[EXERCISE OBJECTIVE] Without changing a character, return the entries, but not the images they hold.

┏━━

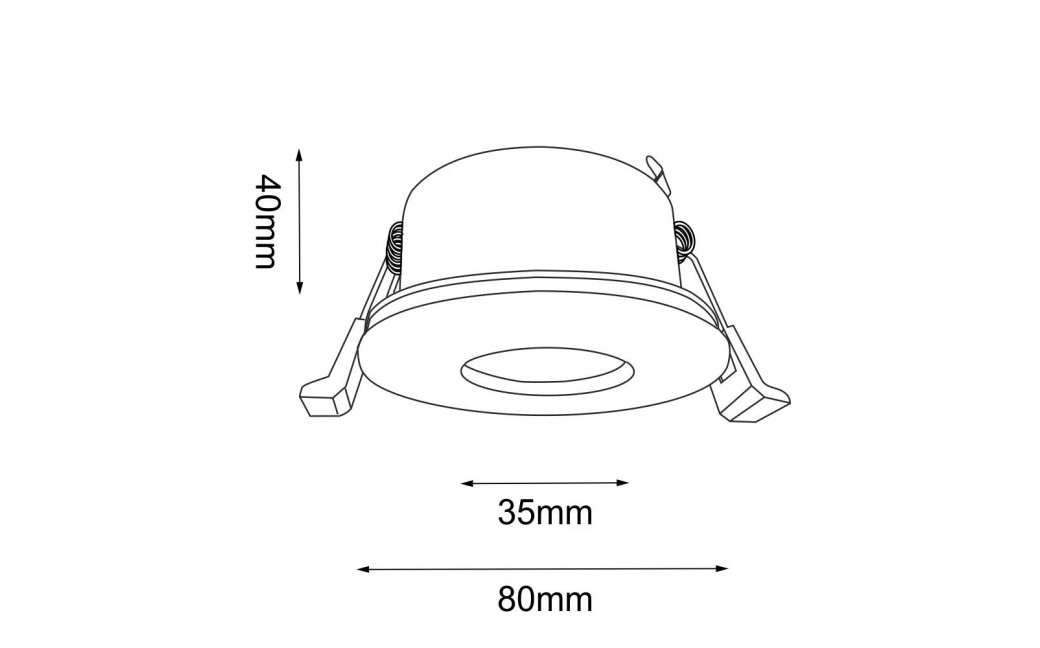 Brosline Lampa wpuszczana Chito - Biała IP54 3027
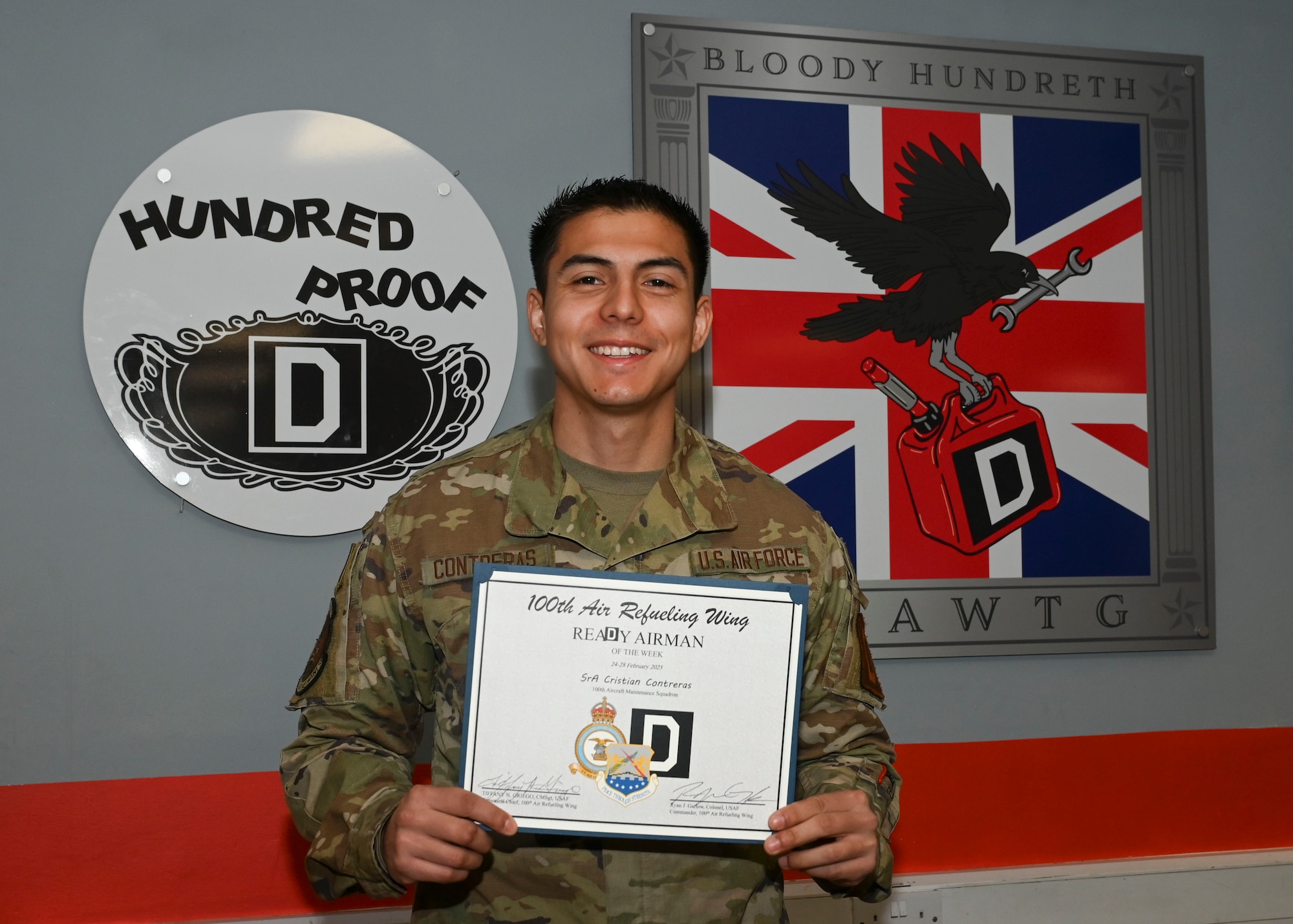Contreras led three Airmen through 40 aircraft inspections, completing 13 delayed discrepancies, and boosting the members' training by 20%.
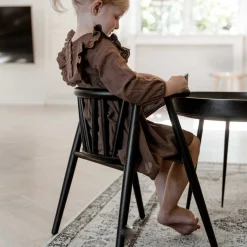 STORM BØRNESTOL - SORT RØGET E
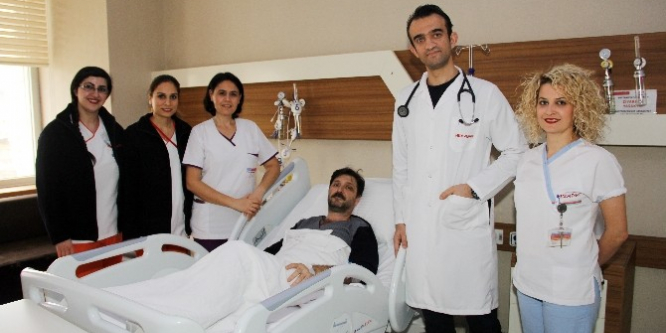 50 dakika sonra yaşama döndü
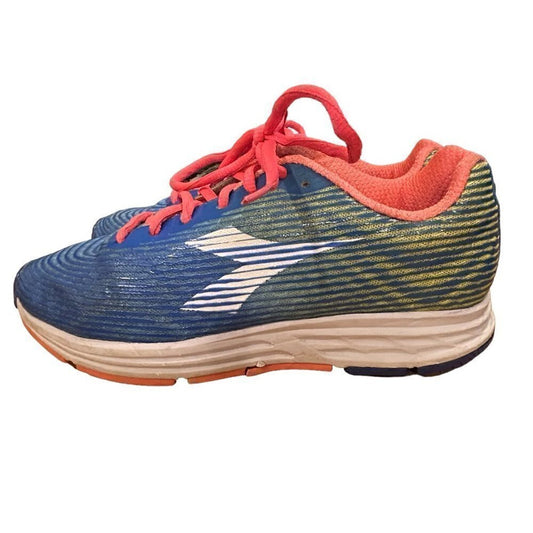 Diadora Action  Women's Running Shoes Blue Green SZ. 7 #ST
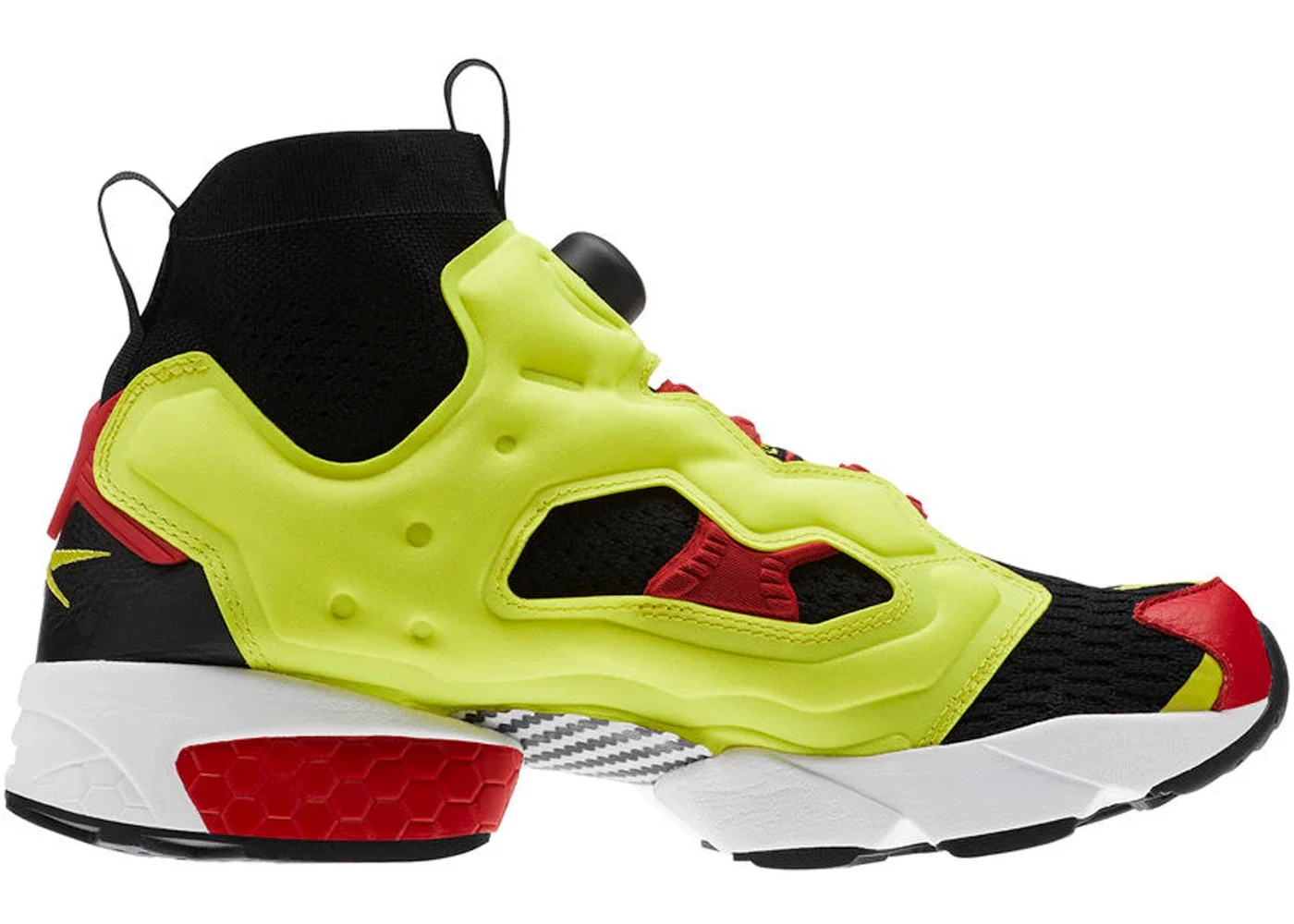 Reebok Instapump Fury OG Ultraknit Black Hyper Green - 1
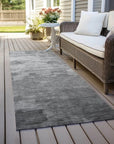 LOOMLAN Rugs Elarune Gray Washable Indoor-Outdoor Rug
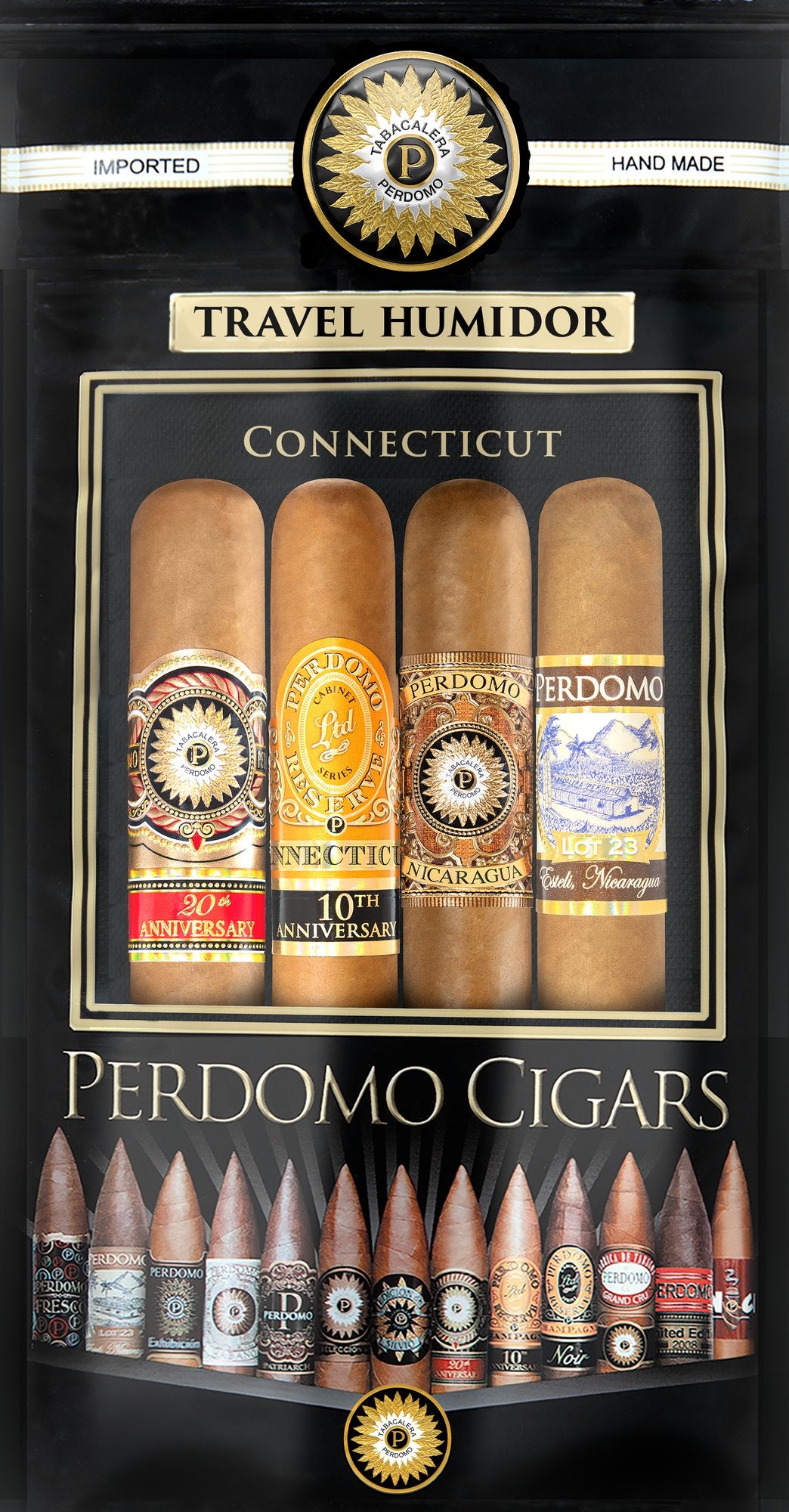 Perdomo - Humibags Assorted Connecticut - Pack of 4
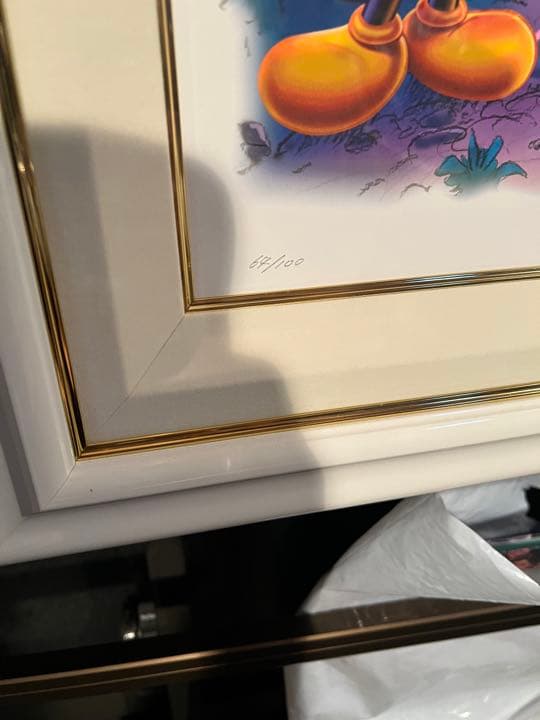 ディズニー ラッセンコラボ版画 世界限定品100 証明書あり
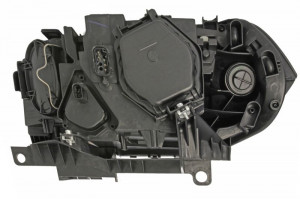 Far dreapta potrivit BMW X3 2004-2007 - (H7, reglaj electric, cu motoras, fundal negru) - Img 2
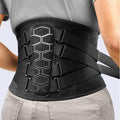 Back Brace for Lower Back Pain Relief - Medical Grade 8-Strap Lumbar Support Belt with Steel Stays - Adjustable Back Belt Support for Men and Women (L)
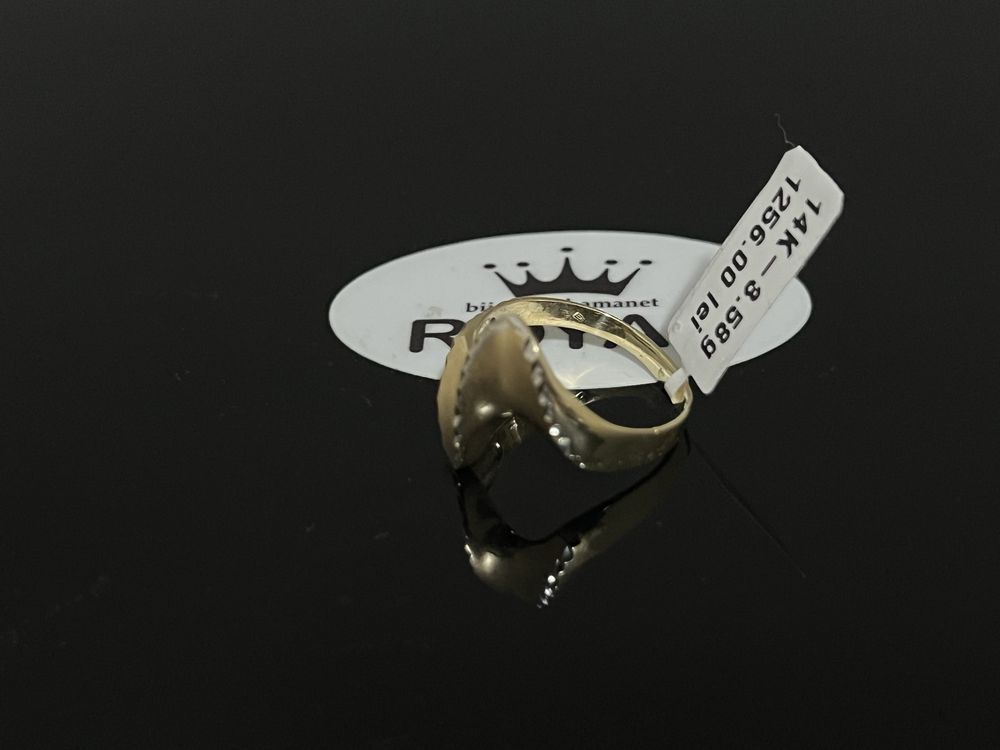 Bijuteria Royal CB : Inel dama aur 14k 585 3,53gr
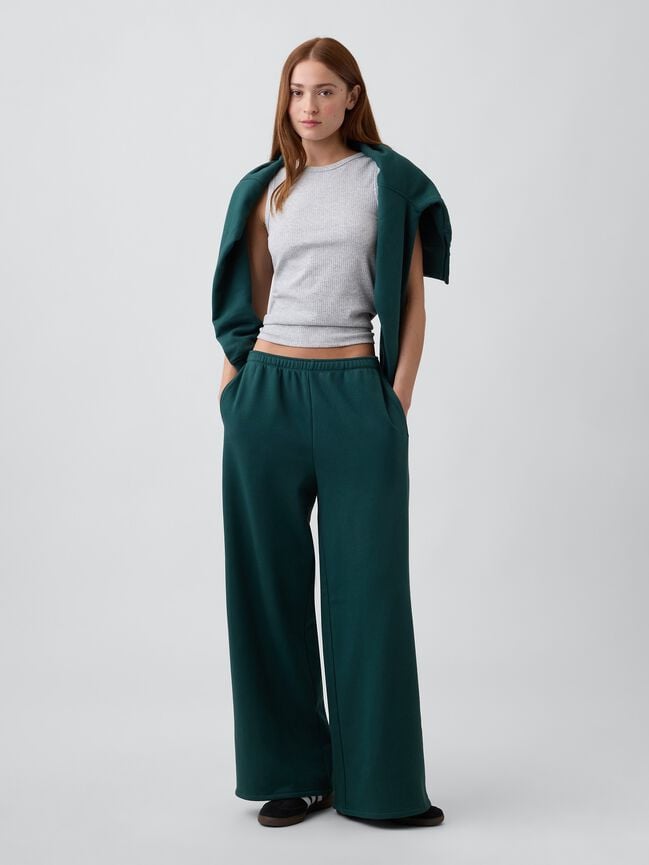 VintageSoft Baggy Wide-Leg Sweatpants gap vintagesoft baggy wide leg sweatpants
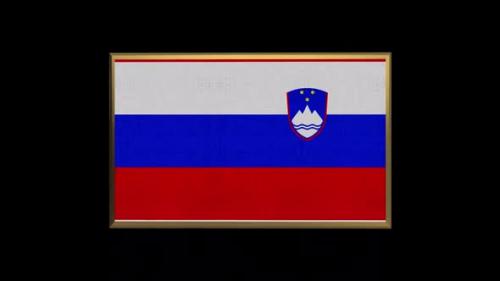 Videohive - Slovenia 3D Flag - 38428429 - 38428429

┗━━

[ANSWER BOX]
 Brosline Lampa wpuszczana Chito - Biała IP54 3027
Contreras led three Airmen through 40 aircraft inspections, completing 13 delayed discrepancies, and boosting the members' training by 20%.
 STORM BØRNESTOL - SORT RØGET E
 50 dakika sonra yaşama döndü
 Diadora Action  Women's Running Shoes Blue Green SZ. 7 #ST
 Reebok Instapump Fury OG Ultraknit Black Hyper Green - 1
 LOOMLAN Rugs Elarune Gray Washable Indoor-Outdoor Rug
 Perdomo - Humibags Assorted Connecticut - Pack of 4
 ディズニー ラッセンコラボ版画 世界限定品100 証明書あり
 Far dreapta potrivit BMW X3 2004-2007 - (H7, reglaj electric, cu motoras, fundal negru) - Img 2
 Back Brace for Lower Back Pain Relief - Medical Grade 8-Strap Lumbar Support Belt with Steel Stays - Adjustable Back Belt Support for Men and Women (L)
 Bijuteria Royal CB : Inel dama aur 14k 585 3,53gr
 VintageSoft Baggy Wide-Leg Sweatpants gap vintagesoft baggy wide leg sweatpants
 Videohive - Slovenia 3D Flag - 38428429 - 38428429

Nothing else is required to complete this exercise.